Still there will be many public radio stations airing 30-second public service announcements next month. WNYC’s “Brian Lehrer Show” will host a national call-in. Other participants noted on Purple’s website include New Hampshire Public Radio with its Civics 101 podcast project, KPCC, “The Takeaway” and “1A.”

In “1A’s” lineup is a November 4 conversation with the working title “The State We’re In,” said executive producer Rupert Allman. Its blurb suggests the show has figured out how to create content around democracy in crisis:

“The First Amendment sets out the rules of the road for our democracy, it protects free speech & a free press. 1A is a champion for both but, as we head into 2020, the choice facing voters seems clear: Whether to put their trust in one version of democracy or another.

“One is the direct, populist version. The leader’s vision and will are paramount. Strength is projected and respected. The other is a representative system, where each branch of government is restricted by checks and balances, scrutinized by free media and held accountable by an independent judiciary charged with upholding the rule of law.

“Polls suggest it is the former that is gaining popularity, particularly with those under the age of 30.  It is a debate that seems fundamental to more than just the outcome of the next election – it challenges what we understand to be 'American' values and America’s right to call itself the leader of the free world. That seems to be a needed and necessary conversation.”

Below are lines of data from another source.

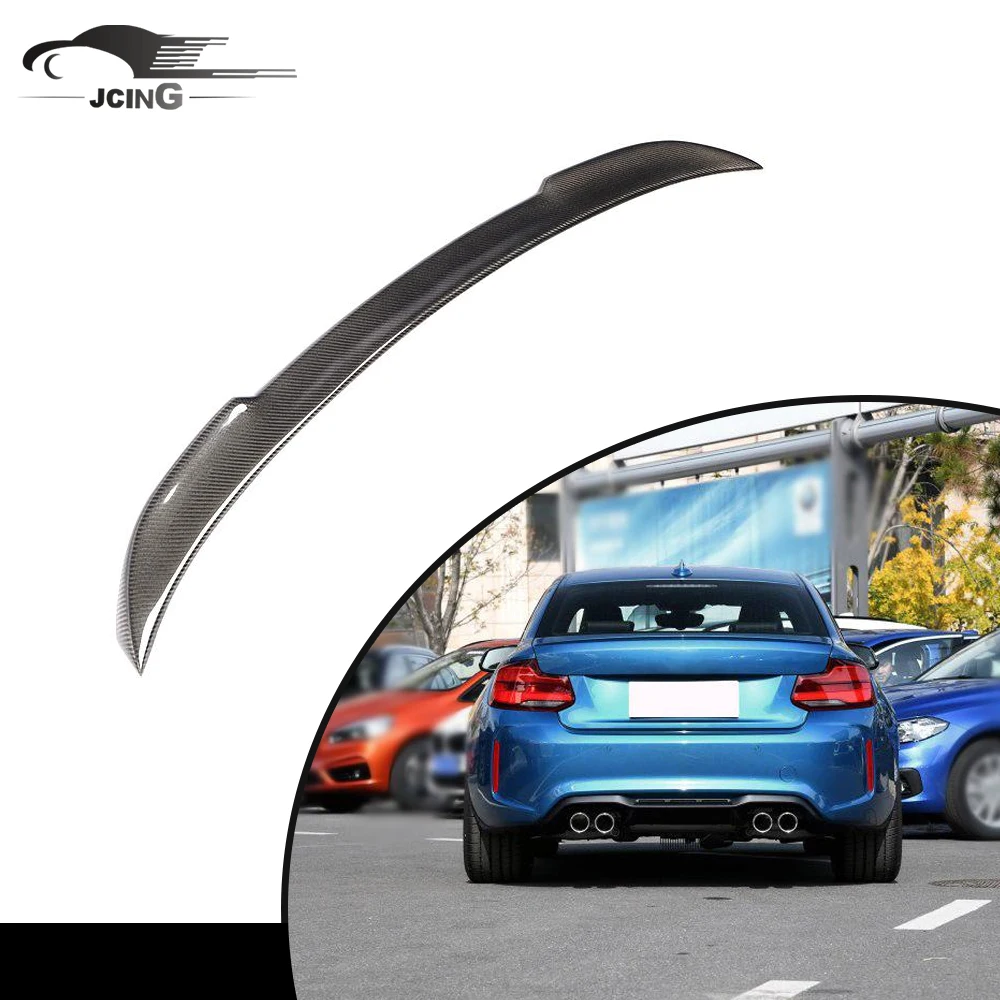 

Carbon Fiber Rear WingTrunk Spoiler Lip for BMW F22 F87 M2 2014-2019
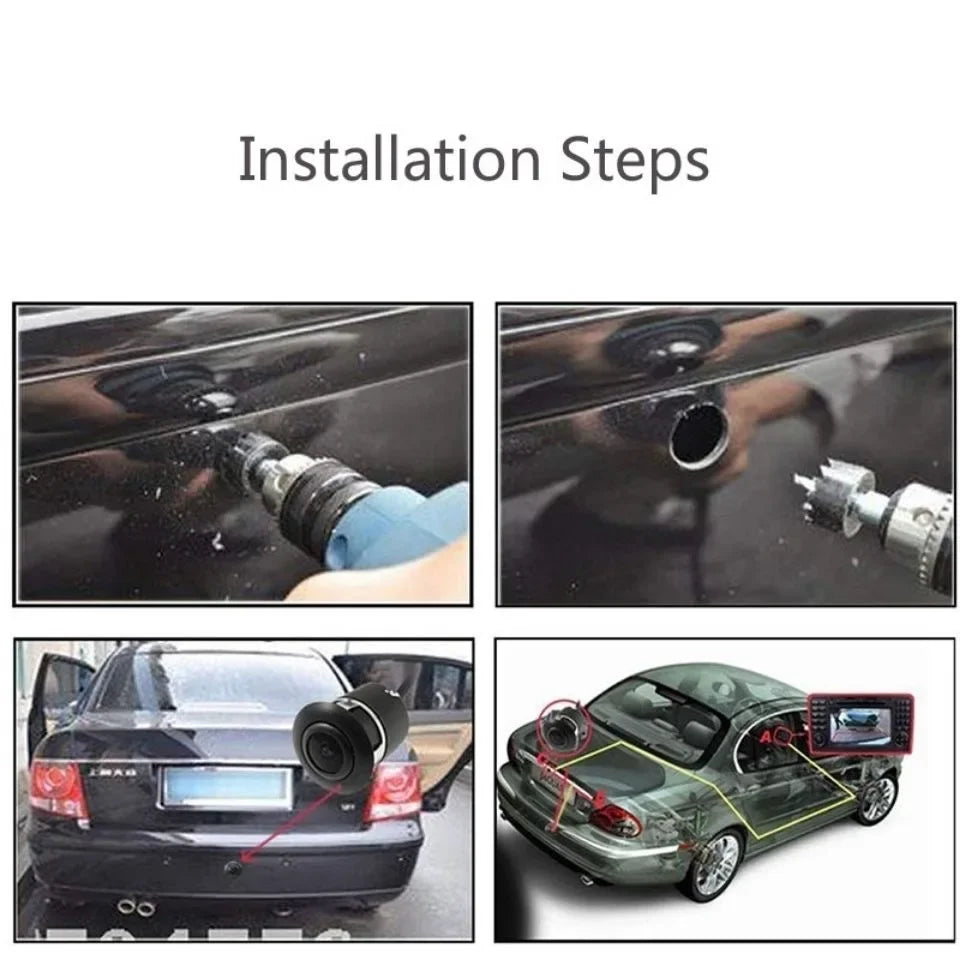 Car Rear Reverse Camera Rearview 170degree Car Infrared Auto Night Vision Waterproof Parking Reversing HD Image Sensor Rear View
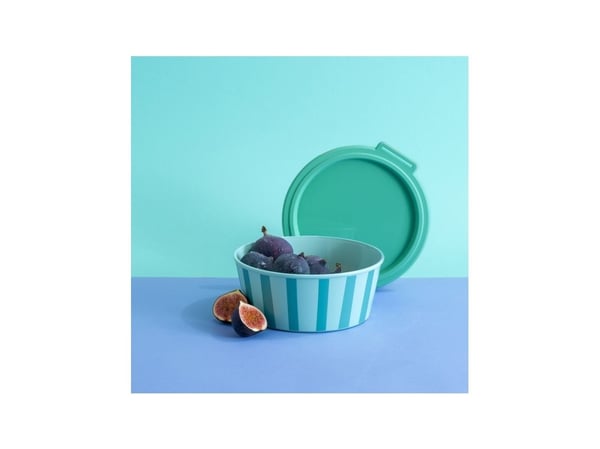koziol Nora, Bolle, Rund, 1,3 l, Blå, Grønn, 1 stykker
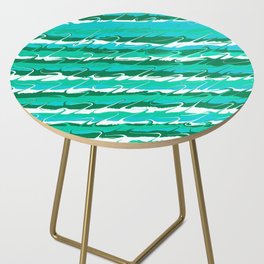 No Words Teal Side Table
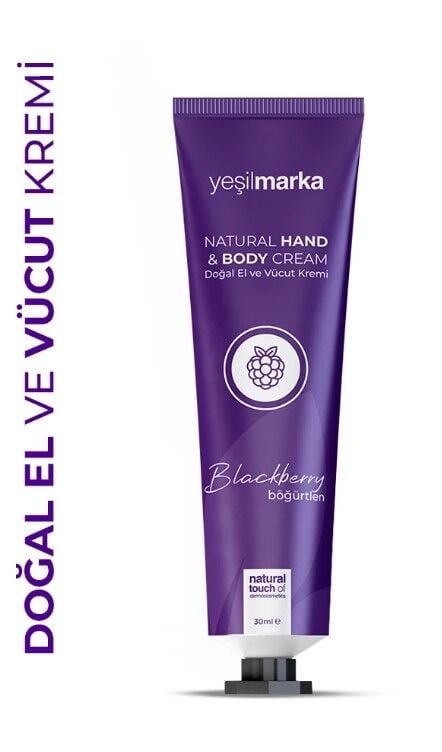 Yeşilmarka Doğal El ve Vücut Kremi Böğürtlen 30ml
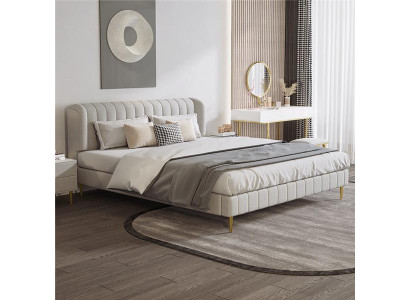 Camas Habitación doble de lujo Cama Chesterfield de diseñador Cuero Hotel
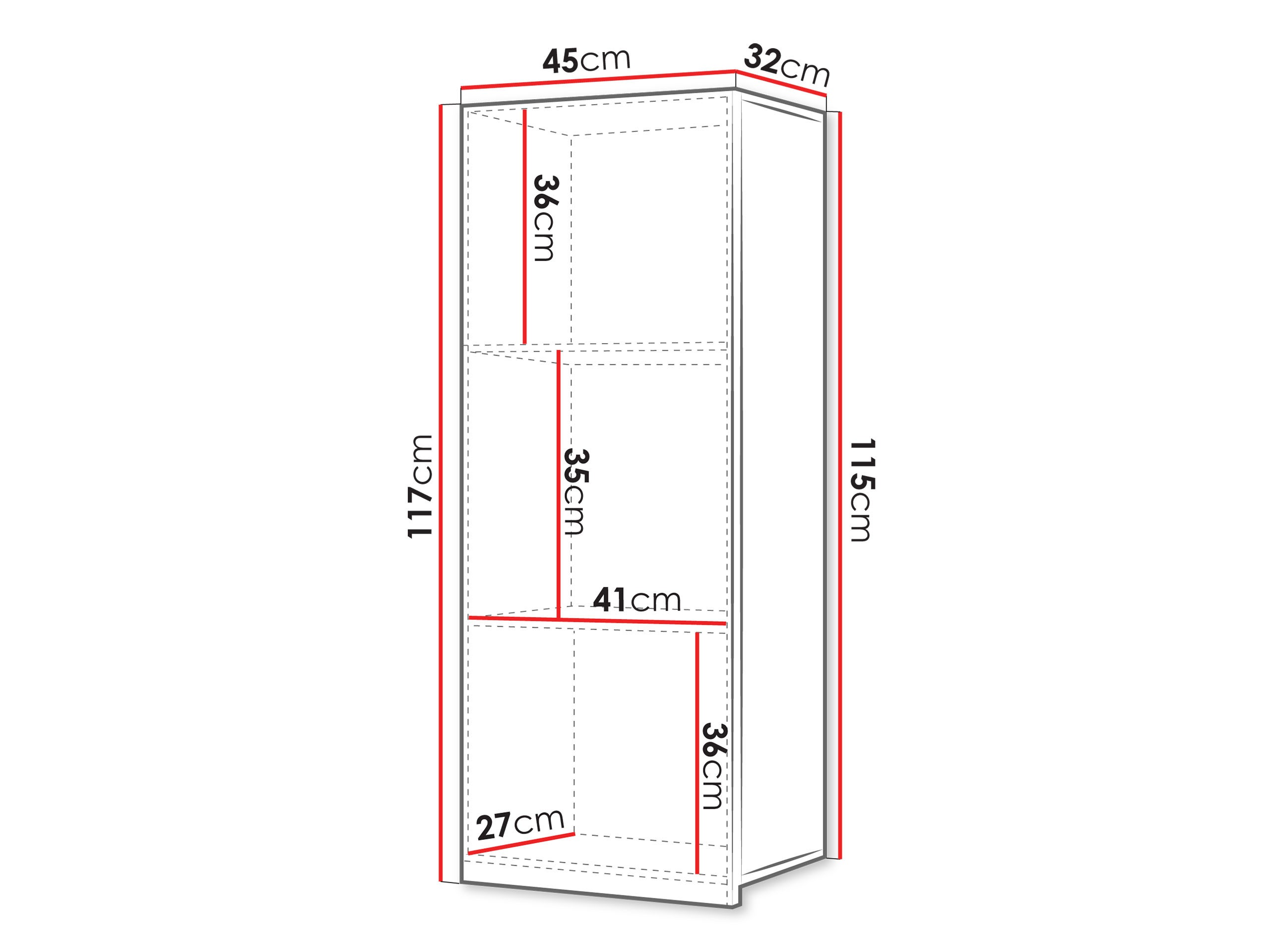 Armario de pared Tivdalu 126 (Negro + Negro brillante)
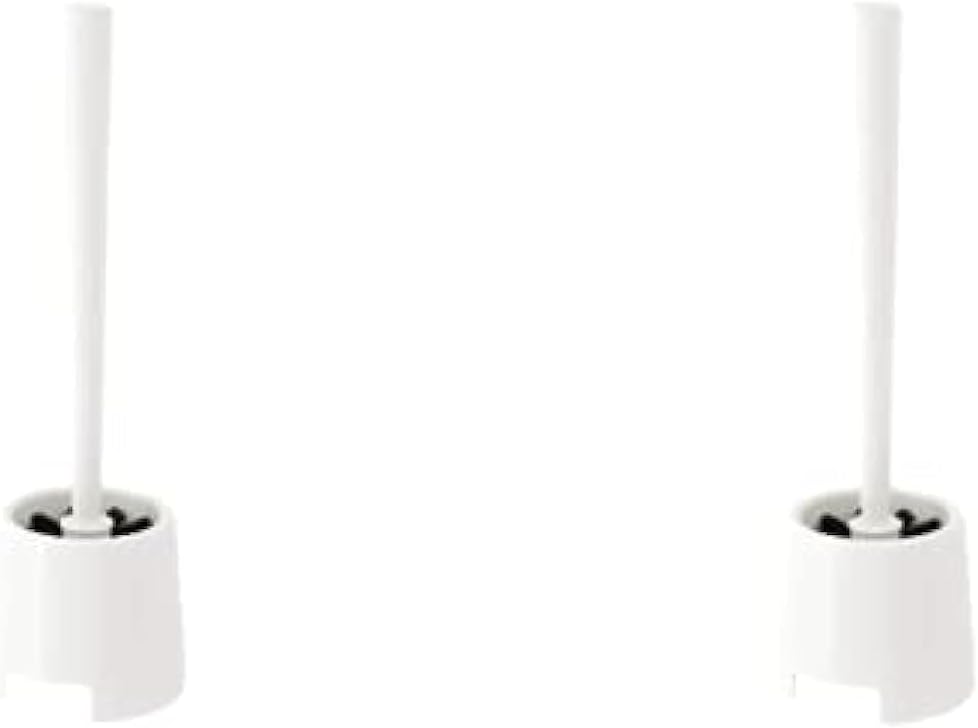 BOLMEN Toilet Brush/Holder, White(Pack of 2)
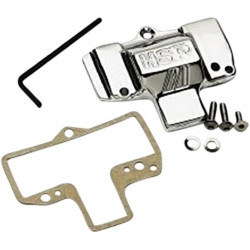 CHROME COVER MIKUNI LOGO - KHS029 - Dr Rider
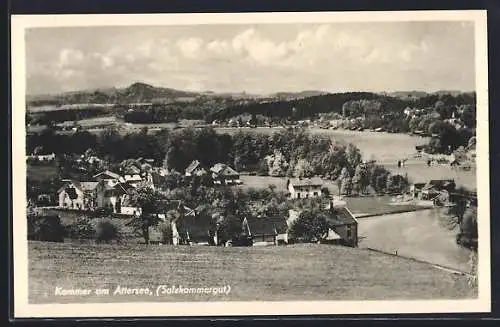 AK Kammer am Attersee, Salzkammergut, Teilansicht mit Kirche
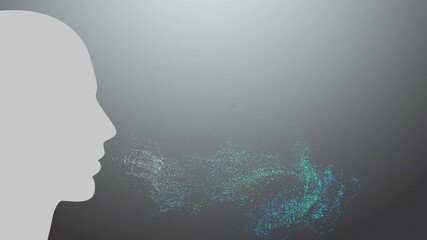 Aerosols in the Air Breathing Distribution Animation 02 - Powered by Adobe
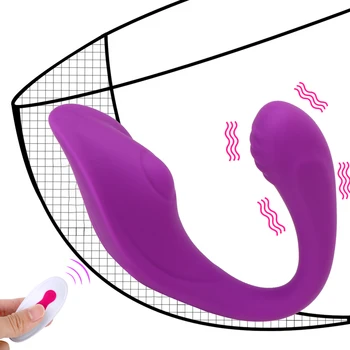 9 Modos de ponto G, Clitóris Estimulador Calcinha Vibrador Brinquedos Sexuais Para as Mulheres Wearable Vibrador Vibrador Amassar Massagem de Deslizamento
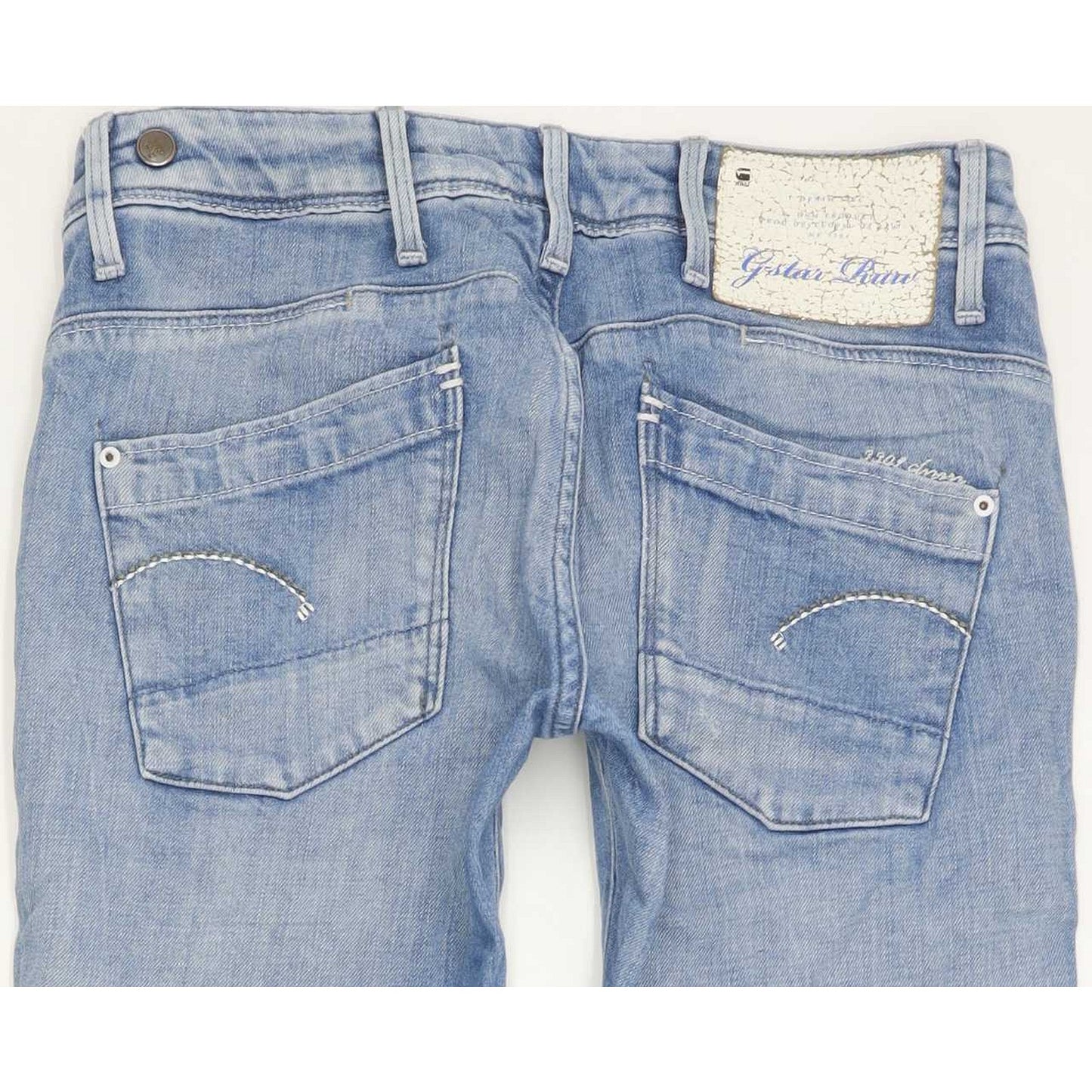 G-Star Low T Women Blue Skinny Slim Stretch Jeans W27 L31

Little did Purple’s founders expect, when the launch dates were set, that the nation would be awash in an impeachment inquiry that heightened the need for understanding the democratic processes involved.

“Purple is not about our contemporary politics, period, except for the fact that our contemporary politics is one of the factors in widespread mistrust in our institutions,” Garfield said.

“When citizens don’t have knowledge of what governments are supposed to do, of what courts are supposed to do … and Congress, I believe it’s incumbent on the media to fill in those blanks,” Garfield said.

Writing in the July Columbia Journalism Review, Garfield asked: “Do we stand, journalistically disinterested, at some safe critical distance and merely record the outcome? Or do we rush headlong into the danger? The answer must be the latter.”

In the case of Purple, “our original goal was absolute ubiquity,” Garfield said, when the Purple project was conceived a year and a half ago. “We won’t have absolute ubiquity, but we will be hard to ignore.”

I hope both citizens – and journalists – take notice.